Review Summary: The best post-rock album since, well... Bark Psychosis's previous major release.
When a band produces a highly influential and groundbreaking album, all efforts released afterwards are going to be compared to that work no matter how different or unrelated the two are. With post-rock/shoegaze outfit Bark Psychosis fronted by Graham Sutton, their landmark album was
Hex. Supposedly a pioneering force in the realm of post-rock and one of the first to be coined the term, though admittedly sharing little similarity with modern contemporaries and being more along the lines of Talk Talk’s
Laughing Stock, Hex turned out to be one of the most successful debuts to ever hit the genre. After setting the bar so high, one could only expect a sophomore slump.

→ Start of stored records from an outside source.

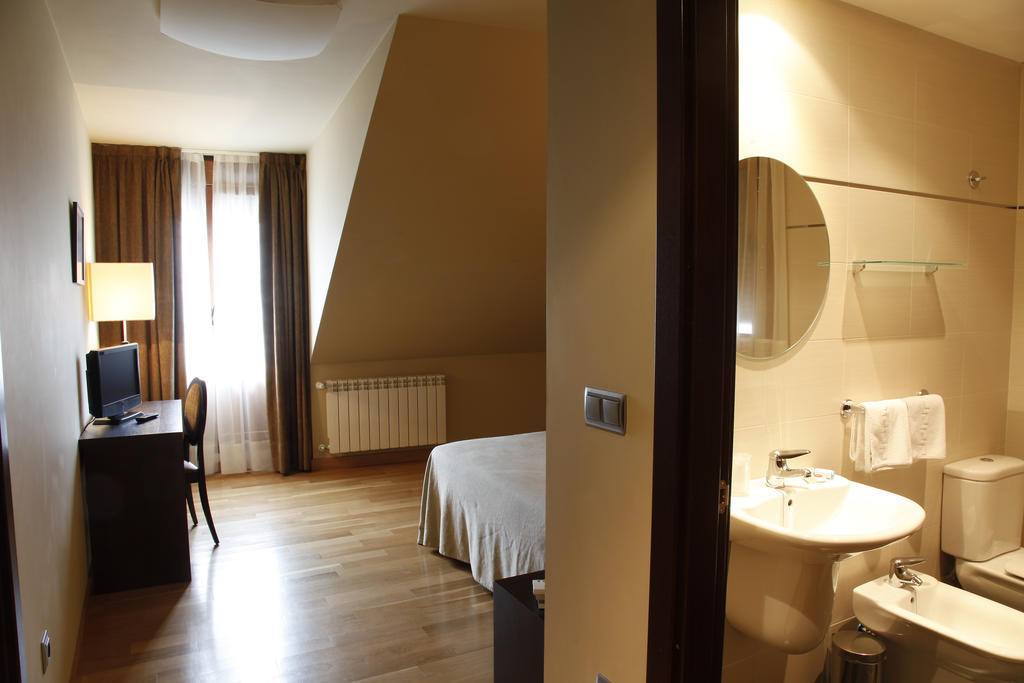 Hotel Baltico Luarca Room photo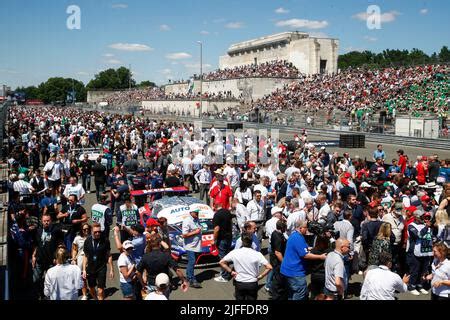 Nuremberg Deutschland Nd July Nurnberg Dtm Norisring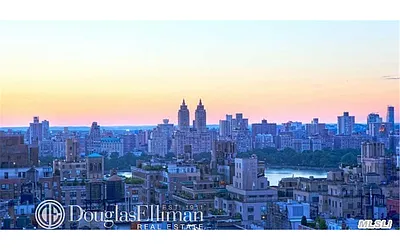 Rented by Douglas Elliman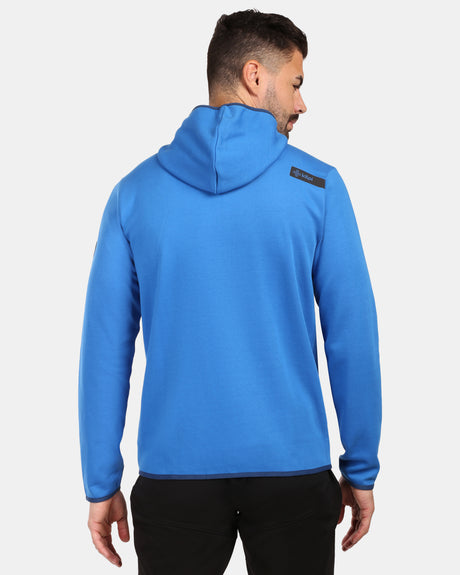 Katoenen herenhoodie Kilpi OKAMPOS-M
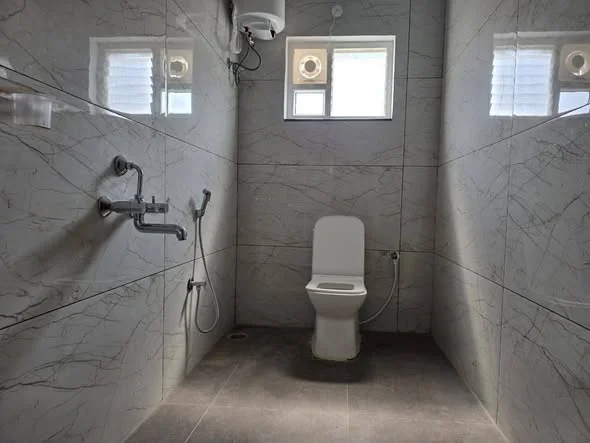 3 BHK Flat for Rent in Sri ram Nagar colony and Raghavendra Colony and RTO office Masjid Banda area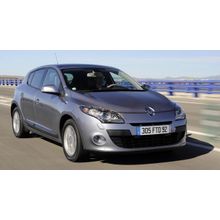 Блокиратор КПП для RENAULT MEGANE III  2009-  М5 R-назад - Гарант Консул 33011.R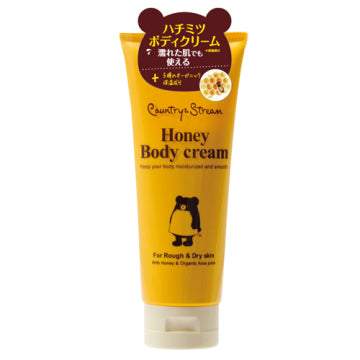 Country & Stream 潤膚霜Honey 200g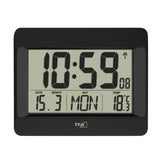 Tfa 60.4519.01 Reloj Radiocontrolado Con Temperatura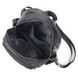 Міський чоловічий текстильний рюкзак Vintage 20574 Чорний 20574 фото 4
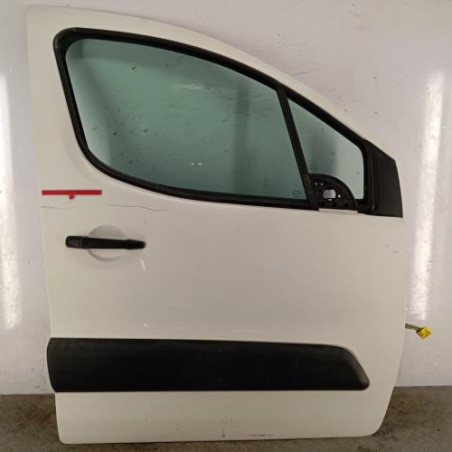 Porte avant droit PEUGEOT PARTNER 2 Photo n°1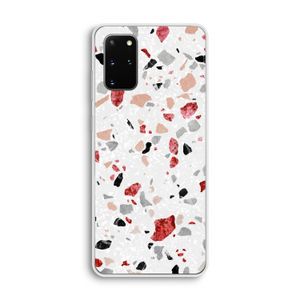 Terrazzo N°12: Samsung Galaxy S20 Plus Transparant Hoesje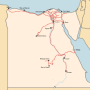 이집트 정부, 철도망 개선을 계획 중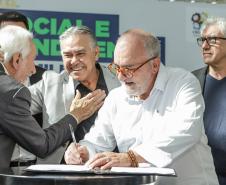 Estado amplia investimentos em assistência social e reforça ações da área em mais 140 municípios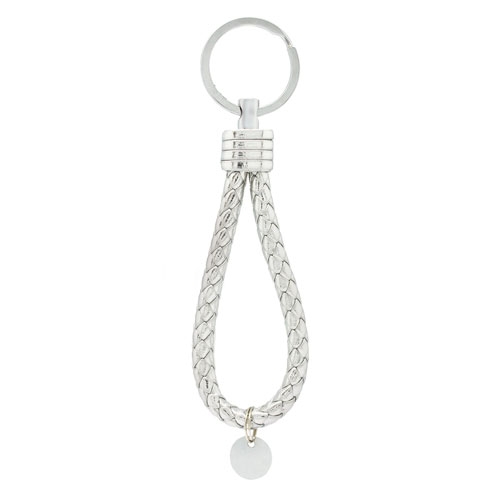 LLAVERO AMAZING BLANCO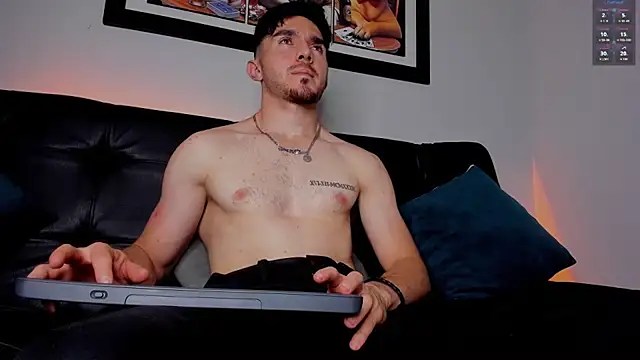 Chat XXX en directo de Dante_Blake1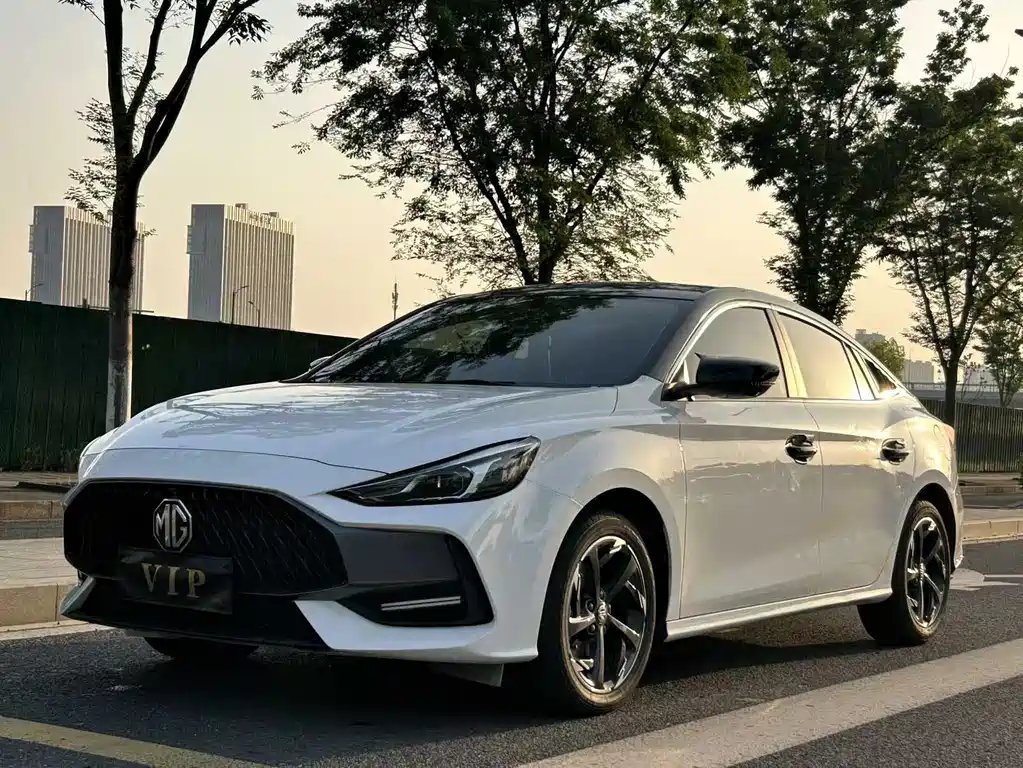 MG MG5 2023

Well... a lot can change after a ten year hiatus. After having several members drop off the Bark Psychosis roster due to the tremendous stress involved in creating
Hex and Sutton taking time out to record under his drum’n’bass moniker Boymerang, Sutton finally reassembled a completely new lineup to record this breathtaking giant,
Codename: Dustsucker. The album continues in the same vein of its predecessor’s dreamy blend of shoegaze, jazz, and post-rock, while throwing in some refreshing new elements and polished production.
One of
Codename’s most welcoming characteristics is its retention of the debut’s unrivaled chill factor. This album is, quite simply,
silky smooth. The flow of the first four tracks is so fluid that it’s uncanny. “From What Is Said To When It’s Read” opens up the album with a slow-burning exercise in ethereal guitar and vocal layering, then slips into the jazzy “The Black Meat,” drifts into the sinister “Miss Abuse,” and slides into the breezy “400 Winters” before you know it. The song structures themselves are enough to behold. Gone are the meandering airy passages that manifested themselves in
Hex, and in their place are seamless transitions and dense atmospheres. In “The Black Meat,” the band weaves through a jazzy, reverb-laden section complete with slick drumming courtesy of Talk Talk’s own Lee Harris, soon coming to an abrupt halt just before the full band comes in with keys, acoustic guitars, and a muted trumpet solo that all eventually melts into a cascade of ambient synths.
While ultimately relaxing as a whole,
Codename isn’t without its share of unsettling moments. The brief interlude of “Dr. Innocuous-Ketamoid” signals the coming of a darker, somewhat more disturbing second half. “INQB8TR,” the album’s centerpiece, rests on subtle dynamic increases of intensity that rise and fall like a tide before an oncoming storm. Scattered about the album is a lingering industrial influence, such as the pounding rhythm, noisy feedback-ridden guitar solo, and haunting outro of “Shapeshifting.” Closing out the album is “Rose,” a track that begins with an unnerving minimalistic intro before keys shift it into a mournful light, the only lyrics being a repetition of a woman saying “vertrauen mir,” or “trust me.”
Codename: Dustsucker meets and exceeds the standards set by its seminal ancestor and stands as a testament to Graham Sutton’s ability to craft dreamy soundscapes and execute them flawlessly. It’s a shame that this album is so criminally overlooked, because the myriad of Explosions-ripping soft-to-loud bands could definitely learn a thing or two from this.